Cette appréhension dépassionnée permet d’identifier collectivement les marches menant à̀ des mobilités décarbonées. S’il convient de capitaliser sur les expérimentations menées en d’autres endroits – notamment l’ambitieux programme national Festivals en mouvement – il faut veiller à démythifier l’existence d’une solution unique réplicable de lieu en lieu, condition sine qua non au maintien de l’espérance du pouvoir d’agir. La redirection écologique des mobilités des publics s’imagine à partir des entrelacs inhérents à chaque projet, communauté et territoire. Ce processus mènera à traiter démocratiquement des cas complexes lorsque, localement, la transmission ou l’arrêt de certains projets sera discuté au regard de leur insoutenabilité. Mais il esquisse également des chemins d’exaltation au cœur battant du spectacle vivant dans sa maestria à renverser un futur obsolète en un avenir désirable.

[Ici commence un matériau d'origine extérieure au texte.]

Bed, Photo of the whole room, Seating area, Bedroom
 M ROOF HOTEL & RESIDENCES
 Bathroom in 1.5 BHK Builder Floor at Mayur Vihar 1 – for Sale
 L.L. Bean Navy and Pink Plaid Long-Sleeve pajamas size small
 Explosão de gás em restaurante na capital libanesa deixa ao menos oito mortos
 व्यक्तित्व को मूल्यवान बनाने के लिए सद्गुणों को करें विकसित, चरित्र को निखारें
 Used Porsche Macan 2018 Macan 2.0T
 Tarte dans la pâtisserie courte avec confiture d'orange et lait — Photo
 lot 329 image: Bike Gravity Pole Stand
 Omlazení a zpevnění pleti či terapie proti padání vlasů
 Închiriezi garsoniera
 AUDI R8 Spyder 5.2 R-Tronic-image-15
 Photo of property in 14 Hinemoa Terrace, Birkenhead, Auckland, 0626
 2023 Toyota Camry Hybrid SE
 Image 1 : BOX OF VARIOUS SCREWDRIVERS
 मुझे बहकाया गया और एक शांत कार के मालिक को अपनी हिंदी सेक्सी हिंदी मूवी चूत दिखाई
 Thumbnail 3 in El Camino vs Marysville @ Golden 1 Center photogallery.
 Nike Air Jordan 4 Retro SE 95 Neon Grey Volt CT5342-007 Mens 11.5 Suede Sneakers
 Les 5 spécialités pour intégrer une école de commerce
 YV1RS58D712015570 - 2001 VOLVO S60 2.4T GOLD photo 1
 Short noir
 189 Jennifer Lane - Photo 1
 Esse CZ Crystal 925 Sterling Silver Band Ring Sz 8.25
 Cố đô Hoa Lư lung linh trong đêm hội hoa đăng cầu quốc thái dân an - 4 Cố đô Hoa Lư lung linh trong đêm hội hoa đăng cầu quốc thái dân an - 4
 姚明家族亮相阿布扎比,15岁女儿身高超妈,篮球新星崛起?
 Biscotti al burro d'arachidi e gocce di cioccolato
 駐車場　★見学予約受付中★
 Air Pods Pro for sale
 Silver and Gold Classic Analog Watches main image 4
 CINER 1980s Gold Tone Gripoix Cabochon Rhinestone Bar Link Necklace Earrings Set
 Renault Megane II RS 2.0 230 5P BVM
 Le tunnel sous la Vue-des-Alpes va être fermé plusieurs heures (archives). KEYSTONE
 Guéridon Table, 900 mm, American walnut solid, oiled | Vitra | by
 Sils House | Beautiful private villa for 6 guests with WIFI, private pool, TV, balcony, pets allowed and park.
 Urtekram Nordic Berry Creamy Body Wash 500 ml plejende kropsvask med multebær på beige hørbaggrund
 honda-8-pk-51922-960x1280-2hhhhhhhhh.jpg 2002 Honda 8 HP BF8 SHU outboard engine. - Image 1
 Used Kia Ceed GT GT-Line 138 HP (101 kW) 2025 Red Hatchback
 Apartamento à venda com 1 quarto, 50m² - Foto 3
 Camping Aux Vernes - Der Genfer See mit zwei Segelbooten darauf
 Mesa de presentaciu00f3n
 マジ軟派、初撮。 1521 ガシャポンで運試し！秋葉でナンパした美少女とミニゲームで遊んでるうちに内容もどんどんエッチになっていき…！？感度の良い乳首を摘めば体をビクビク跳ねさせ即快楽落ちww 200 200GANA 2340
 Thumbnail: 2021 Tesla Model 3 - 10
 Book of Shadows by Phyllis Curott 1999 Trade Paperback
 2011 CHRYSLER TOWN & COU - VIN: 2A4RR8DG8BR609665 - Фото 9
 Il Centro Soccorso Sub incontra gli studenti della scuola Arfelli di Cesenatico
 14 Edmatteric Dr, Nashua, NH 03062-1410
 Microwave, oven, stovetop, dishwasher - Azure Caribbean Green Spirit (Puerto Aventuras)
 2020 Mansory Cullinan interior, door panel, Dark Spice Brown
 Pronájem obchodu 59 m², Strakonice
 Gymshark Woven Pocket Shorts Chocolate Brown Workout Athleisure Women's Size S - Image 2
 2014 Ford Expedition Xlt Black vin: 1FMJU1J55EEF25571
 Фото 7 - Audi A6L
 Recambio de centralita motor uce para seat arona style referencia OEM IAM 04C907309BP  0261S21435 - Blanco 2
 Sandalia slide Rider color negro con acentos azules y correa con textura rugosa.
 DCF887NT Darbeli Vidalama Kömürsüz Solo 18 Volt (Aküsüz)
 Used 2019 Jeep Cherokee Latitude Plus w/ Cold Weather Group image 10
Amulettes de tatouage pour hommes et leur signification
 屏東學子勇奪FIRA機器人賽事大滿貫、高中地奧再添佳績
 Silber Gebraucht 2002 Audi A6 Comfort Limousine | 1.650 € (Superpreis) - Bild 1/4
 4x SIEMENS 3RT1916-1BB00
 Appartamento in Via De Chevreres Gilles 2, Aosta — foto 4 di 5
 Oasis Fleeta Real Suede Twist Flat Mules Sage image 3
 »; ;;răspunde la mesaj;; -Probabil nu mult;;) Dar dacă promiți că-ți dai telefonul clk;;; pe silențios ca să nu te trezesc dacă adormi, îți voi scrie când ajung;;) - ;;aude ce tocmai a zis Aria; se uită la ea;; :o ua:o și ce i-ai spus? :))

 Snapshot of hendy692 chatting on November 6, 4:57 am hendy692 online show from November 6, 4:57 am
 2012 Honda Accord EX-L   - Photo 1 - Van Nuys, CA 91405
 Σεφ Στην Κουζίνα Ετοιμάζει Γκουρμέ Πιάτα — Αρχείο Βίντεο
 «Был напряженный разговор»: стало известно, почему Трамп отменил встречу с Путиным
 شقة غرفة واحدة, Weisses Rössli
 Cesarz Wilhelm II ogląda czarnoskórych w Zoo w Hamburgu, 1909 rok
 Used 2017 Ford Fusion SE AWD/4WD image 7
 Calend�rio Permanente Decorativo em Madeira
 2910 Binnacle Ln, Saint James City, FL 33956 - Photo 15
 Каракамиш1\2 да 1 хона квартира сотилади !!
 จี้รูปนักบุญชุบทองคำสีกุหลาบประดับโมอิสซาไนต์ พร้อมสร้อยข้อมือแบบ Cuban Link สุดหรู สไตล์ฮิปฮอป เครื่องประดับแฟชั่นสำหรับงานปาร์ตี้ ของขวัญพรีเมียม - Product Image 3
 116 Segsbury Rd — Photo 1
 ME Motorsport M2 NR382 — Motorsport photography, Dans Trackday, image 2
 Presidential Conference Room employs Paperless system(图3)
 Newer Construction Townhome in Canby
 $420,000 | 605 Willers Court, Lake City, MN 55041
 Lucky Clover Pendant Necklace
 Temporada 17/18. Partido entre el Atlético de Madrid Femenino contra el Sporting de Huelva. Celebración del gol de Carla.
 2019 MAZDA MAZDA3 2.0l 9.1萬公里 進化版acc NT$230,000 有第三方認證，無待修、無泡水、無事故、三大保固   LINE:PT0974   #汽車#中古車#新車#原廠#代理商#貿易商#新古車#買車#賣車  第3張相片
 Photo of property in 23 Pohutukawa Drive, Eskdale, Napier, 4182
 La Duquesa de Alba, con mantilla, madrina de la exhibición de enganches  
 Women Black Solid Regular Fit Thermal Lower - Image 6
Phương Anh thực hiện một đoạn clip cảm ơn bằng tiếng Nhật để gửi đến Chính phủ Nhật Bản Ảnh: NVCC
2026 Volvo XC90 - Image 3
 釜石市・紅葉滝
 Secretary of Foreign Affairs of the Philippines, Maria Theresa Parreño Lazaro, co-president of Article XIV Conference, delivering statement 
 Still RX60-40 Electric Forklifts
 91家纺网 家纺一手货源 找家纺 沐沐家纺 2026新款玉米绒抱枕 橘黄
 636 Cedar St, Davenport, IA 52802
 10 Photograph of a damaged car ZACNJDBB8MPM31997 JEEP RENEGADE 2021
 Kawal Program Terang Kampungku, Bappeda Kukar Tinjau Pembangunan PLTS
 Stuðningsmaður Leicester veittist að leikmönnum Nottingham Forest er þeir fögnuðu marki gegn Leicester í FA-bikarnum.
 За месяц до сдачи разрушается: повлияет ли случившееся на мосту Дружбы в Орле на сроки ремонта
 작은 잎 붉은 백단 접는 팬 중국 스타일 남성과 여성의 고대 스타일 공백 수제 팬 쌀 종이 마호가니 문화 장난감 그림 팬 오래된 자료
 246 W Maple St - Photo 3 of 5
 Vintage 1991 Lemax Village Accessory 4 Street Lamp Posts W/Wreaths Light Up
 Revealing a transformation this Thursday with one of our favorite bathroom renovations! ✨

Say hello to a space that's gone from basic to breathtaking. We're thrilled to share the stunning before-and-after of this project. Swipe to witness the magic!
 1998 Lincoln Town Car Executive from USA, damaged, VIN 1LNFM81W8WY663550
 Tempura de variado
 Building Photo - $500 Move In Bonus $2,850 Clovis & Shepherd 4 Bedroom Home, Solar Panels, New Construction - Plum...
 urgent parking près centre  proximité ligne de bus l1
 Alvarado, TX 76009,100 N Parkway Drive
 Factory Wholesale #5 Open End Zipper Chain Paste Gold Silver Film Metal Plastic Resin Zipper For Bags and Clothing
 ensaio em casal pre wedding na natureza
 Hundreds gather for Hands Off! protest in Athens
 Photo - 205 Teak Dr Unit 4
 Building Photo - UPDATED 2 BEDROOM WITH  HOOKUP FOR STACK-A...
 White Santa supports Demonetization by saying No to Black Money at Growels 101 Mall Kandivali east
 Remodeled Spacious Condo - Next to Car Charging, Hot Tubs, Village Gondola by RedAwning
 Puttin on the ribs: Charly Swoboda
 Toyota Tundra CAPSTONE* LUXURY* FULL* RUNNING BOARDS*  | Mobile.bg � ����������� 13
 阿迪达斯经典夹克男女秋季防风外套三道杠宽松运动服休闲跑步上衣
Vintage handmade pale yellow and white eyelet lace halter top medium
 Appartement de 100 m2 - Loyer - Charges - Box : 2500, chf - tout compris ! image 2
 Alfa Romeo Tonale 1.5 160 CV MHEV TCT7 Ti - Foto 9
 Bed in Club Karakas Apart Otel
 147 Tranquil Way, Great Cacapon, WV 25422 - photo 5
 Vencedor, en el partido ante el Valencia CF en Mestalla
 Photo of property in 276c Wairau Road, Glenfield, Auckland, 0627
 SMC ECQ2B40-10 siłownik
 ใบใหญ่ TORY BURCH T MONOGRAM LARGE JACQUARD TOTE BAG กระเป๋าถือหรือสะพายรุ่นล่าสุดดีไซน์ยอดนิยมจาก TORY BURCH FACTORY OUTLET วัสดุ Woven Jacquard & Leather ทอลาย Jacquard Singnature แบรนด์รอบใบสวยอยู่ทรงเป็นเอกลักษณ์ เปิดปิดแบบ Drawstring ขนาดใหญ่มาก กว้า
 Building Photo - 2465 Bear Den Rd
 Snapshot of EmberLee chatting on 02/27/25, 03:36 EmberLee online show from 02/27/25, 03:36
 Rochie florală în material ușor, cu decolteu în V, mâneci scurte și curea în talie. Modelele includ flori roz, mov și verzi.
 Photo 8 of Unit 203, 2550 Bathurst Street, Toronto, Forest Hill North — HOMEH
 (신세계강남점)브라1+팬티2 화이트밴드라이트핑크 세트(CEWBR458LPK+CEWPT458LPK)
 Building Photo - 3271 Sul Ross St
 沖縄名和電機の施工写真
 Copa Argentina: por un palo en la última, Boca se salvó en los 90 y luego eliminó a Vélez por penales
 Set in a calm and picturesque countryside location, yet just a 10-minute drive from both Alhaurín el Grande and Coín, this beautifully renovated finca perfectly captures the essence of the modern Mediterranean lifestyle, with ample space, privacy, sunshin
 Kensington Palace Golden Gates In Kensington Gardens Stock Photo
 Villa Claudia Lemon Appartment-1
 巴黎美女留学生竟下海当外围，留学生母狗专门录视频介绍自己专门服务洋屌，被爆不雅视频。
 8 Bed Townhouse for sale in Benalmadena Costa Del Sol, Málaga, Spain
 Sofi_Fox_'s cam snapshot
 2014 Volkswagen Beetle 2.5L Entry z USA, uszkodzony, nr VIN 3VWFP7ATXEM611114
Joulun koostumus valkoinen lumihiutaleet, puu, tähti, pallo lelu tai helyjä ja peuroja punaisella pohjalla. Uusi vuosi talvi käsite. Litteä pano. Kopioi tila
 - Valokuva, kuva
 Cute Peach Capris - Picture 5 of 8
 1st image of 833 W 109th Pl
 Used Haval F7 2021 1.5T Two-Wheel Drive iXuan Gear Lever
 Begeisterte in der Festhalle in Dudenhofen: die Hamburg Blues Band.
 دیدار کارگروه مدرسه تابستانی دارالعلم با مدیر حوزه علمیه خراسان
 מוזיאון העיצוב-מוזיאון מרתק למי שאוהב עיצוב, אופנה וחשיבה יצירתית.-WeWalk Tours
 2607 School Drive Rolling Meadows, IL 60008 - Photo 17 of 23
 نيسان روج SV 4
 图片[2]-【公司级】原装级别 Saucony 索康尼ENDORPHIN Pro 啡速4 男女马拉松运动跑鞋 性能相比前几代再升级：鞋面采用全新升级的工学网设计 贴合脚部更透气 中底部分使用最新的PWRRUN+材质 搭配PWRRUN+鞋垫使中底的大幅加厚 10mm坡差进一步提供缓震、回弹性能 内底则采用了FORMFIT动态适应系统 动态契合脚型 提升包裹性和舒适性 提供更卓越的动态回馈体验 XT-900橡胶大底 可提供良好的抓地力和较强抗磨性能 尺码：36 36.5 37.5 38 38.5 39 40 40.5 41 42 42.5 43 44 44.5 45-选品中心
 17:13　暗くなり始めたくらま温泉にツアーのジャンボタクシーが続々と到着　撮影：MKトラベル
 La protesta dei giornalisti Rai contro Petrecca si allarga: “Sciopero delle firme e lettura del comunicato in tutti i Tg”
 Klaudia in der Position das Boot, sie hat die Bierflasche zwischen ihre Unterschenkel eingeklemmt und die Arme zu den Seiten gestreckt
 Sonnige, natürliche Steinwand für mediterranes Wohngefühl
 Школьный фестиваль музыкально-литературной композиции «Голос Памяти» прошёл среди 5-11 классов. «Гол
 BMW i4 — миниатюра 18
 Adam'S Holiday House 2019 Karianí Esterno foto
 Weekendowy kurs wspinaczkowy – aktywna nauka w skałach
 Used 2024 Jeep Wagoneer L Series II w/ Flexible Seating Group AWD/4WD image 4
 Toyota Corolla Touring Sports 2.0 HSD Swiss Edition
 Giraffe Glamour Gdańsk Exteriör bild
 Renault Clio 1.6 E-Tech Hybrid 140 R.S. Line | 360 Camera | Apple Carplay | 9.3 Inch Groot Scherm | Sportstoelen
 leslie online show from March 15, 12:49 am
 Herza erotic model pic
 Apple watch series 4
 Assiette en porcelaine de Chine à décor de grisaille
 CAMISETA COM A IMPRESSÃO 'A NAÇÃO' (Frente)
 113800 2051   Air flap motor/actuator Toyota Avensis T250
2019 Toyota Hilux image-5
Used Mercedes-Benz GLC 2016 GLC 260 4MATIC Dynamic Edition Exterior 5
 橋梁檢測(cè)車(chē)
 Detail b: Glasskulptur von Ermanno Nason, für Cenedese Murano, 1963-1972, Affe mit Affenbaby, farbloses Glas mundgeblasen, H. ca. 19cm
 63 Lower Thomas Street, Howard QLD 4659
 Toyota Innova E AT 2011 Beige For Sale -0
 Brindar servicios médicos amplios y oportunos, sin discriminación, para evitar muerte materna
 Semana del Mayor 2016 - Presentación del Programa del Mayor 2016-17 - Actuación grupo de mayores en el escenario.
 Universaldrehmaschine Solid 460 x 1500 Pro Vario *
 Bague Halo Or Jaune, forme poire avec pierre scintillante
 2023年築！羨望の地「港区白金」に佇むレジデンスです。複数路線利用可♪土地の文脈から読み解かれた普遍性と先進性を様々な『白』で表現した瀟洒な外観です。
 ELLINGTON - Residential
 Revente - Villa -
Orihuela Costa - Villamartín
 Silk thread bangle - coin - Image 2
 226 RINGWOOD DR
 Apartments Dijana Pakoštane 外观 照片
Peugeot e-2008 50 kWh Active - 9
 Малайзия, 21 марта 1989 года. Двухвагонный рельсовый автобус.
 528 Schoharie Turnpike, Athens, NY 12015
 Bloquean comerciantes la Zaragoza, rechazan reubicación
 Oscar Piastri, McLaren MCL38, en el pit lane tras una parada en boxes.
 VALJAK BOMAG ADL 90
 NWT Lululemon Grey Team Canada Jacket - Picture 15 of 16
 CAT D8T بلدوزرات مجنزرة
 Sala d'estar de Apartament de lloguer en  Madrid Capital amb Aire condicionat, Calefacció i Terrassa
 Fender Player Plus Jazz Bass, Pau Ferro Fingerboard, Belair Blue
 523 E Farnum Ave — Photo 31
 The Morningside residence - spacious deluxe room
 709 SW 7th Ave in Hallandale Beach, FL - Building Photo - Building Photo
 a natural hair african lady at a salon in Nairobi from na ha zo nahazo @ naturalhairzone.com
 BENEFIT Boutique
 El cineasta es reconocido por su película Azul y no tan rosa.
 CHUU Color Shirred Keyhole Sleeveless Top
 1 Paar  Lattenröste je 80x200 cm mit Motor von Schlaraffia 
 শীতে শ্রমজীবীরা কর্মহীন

[1] Katherine Richardson et al. , Earth beyond six of nine planetary boundaries. Sci. Adv. 9, 2023.
[2] Ivan Illich, Énergie et équité, 1973.
[3] Observatoire Climat-Énergie du Réseau Action Climat.
[4] Autorité de régulation des transports, Le transport de voyageurs en France, 2022.
[5] AJC et le Périscope, Footprints : quel impact pour les lieux et festivals de jazz ?, 2022.
[6] BMA-Impact[s], L’impact social et environnemental des concerts et festivals : un enjeu d’importance pour le public, 2023.
[7] Aurélien Bigo, Les transports face au défi de la transition énergétique, Institut Polytechnique de Paris, 2020.
[8] Pablo Belime, Les micro-festivals peuvent-ils transformer l’expérience festivalière ?, Nectart, 2022.